I decided to have a little trot around the Peak District on Saturday (4th Aug). As many of you know I'm navigationally challenged, and whilst there was still some tiredness in the pins from the Lakeland race I thought it a great idea to go and sharpen my skills with a map and compass. I say skills, I have one skill in this area, I can open the map!.
I'd entered the Long Tour of Bradwell just in case I'd needed to console myself with another race pronto, however It's suffice to say that I think I'll be on a high for some time yet and the ol legs could do with resting.
Once in Buxton, map and compass proudly in hand. I intended to run some of the High Peak 40 route. I'd planned approximately 14-15 miles and then intended to leg it back from the Pennie Bridleway on the road. I know, I know, yet I'd convinced myself it would be a long day mooching and felt the road would be a quick route back to the car and a good opportunity to put a little speed session in at the end.
I was soon heading down to Errwood Reservior.

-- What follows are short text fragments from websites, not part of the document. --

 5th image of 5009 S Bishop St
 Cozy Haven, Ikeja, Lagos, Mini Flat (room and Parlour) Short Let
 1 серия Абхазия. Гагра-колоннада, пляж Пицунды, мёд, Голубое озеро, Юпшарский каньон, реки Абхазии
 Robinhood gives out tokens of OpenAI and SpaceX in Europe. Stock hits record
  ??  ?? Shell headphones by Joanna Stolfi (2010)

Nailed the nav... well, lets face it it's all there on the map right? Yes right, but I still managed to get it wrong when I approached the Dam, bear with me, navigationally challenged remember. I faffed about finding the path that takes you down to the waters edge however after 10 mins of watching walkers ramble down a lil lane, I concluded they may be on to something there.

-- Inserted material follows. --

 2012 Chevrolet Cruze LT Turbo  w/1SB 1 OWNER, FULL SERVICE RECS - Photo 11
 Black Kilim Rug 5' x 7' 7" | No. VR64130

I plodded along the river Goyt in Goyt Valley to Shallcross wood. Where navigational cock up number two occurred. I should have turned right before coming out of the wood on a very obvious footpath, only I'd carried on and ended up on the main road. I don't like finding myself on main roads with houses when I'm trail running, it drags me back to reality and halts my adventure for a moment whilst I re adjust. I had to ask directions, because my compass wouldn't point me the right way!!! Off I trotted on the main road to find the car park around the corner. I'd looped back around and found the footpath that I should have taken out of the wood and went to investigate. It was very simple really, straight on or right turn.
The right way.
Footpaths across fields with dungeons and caves, well ok then just a lil tunnel under the railway track.

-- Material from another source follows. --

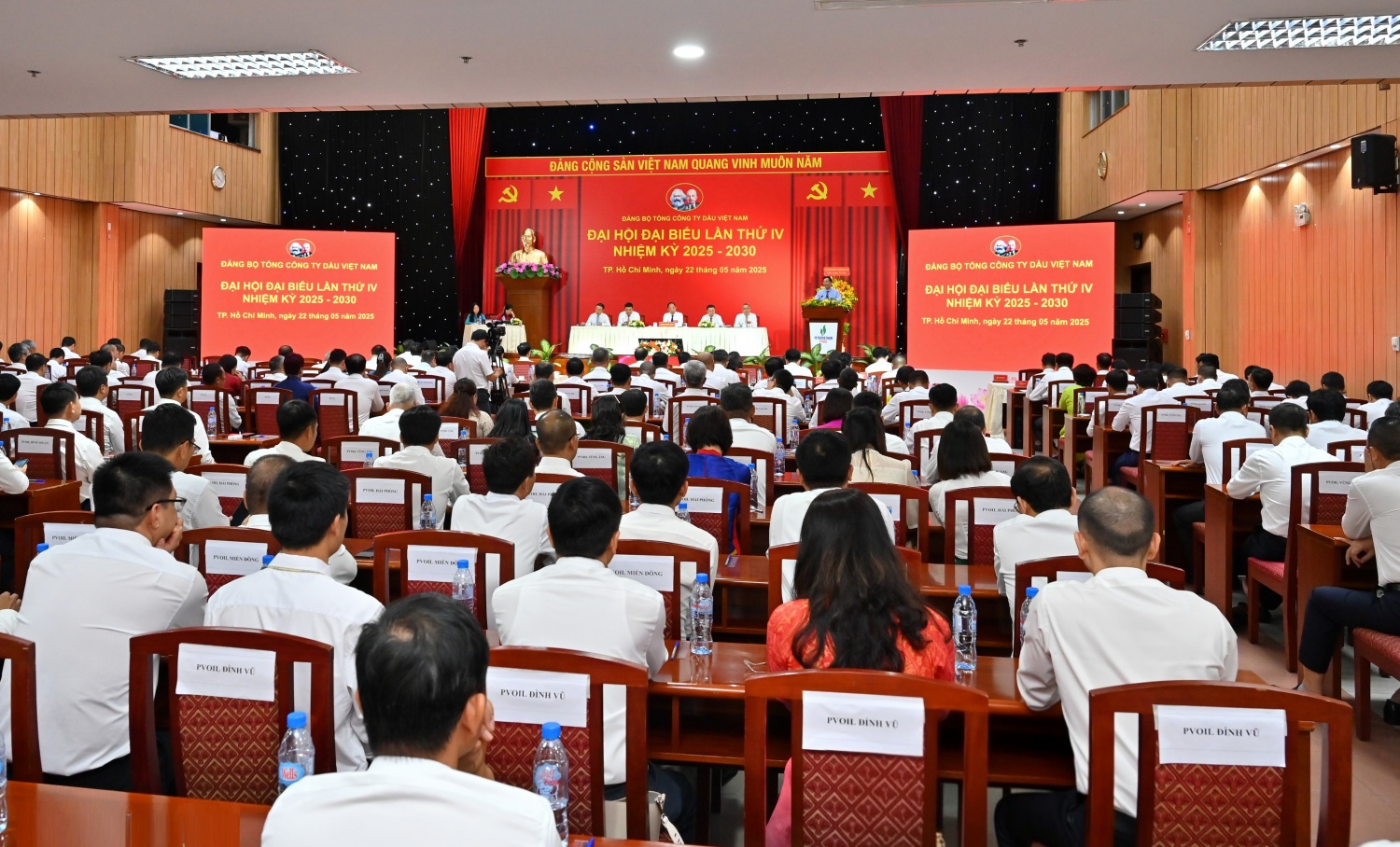 Toàn cảnh Đại hội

And fighting my way through the depths of the jungle... well ok then, just an overgrown footpath and bridge onto Milton lane before making my way up to Eccles Pike.
I was feeling pretty proud that I'd managed to get myself to this point, Eccles Pike and I was smug and just that little bit over confident. Inevitably it all started to go just a lil bit Pete Tong.
I jogged up Charley Lane, under the A6 and remained vigilantly scanning for a road that would take me to Beet Farm. How difficult can it be to find a 'road'. It wasn't, I was on it.. ha, or so I thought. Actually, no I wasn't, I was on the A624 and It was only when my expert navigational intuition told me that I should be seeing footpaths on my right and they just weren't appearing where they should have been that I realised.
So the next hour was spent running around Bradshaw fields, Bullhill, and disused quarries, doing that headless chicken thing and getting all in a tiz. I crossed a field with 'killer cows'. I've named 'bullocks' killer cows because I've been surrounded by them on a few occasions whilst legging it through fields on my jolllies and I'm convinced they want to kill me. I gave them a very wide berth.
The nearest road was only 10 mins down the hill side however in Fairy world that was a million miles away whilst I kept trying to make the footpaths and fence lines fit my map.
Eventually I found the Pennine Bridleway, clever clever girl. What a beautiful run on that trail it is. This is the view over the High Peaks. I think if you look close enough you'll find Kinder Scout in there somewhere.
The road run back to Buxton was pretty unremarkable. An awesome day's adventure, the weather was amazing, my T-shirt tan is coming on a treat. I spent about 7 hours out trotting and pondering and naving, (badly) and running on this playground.. awesome.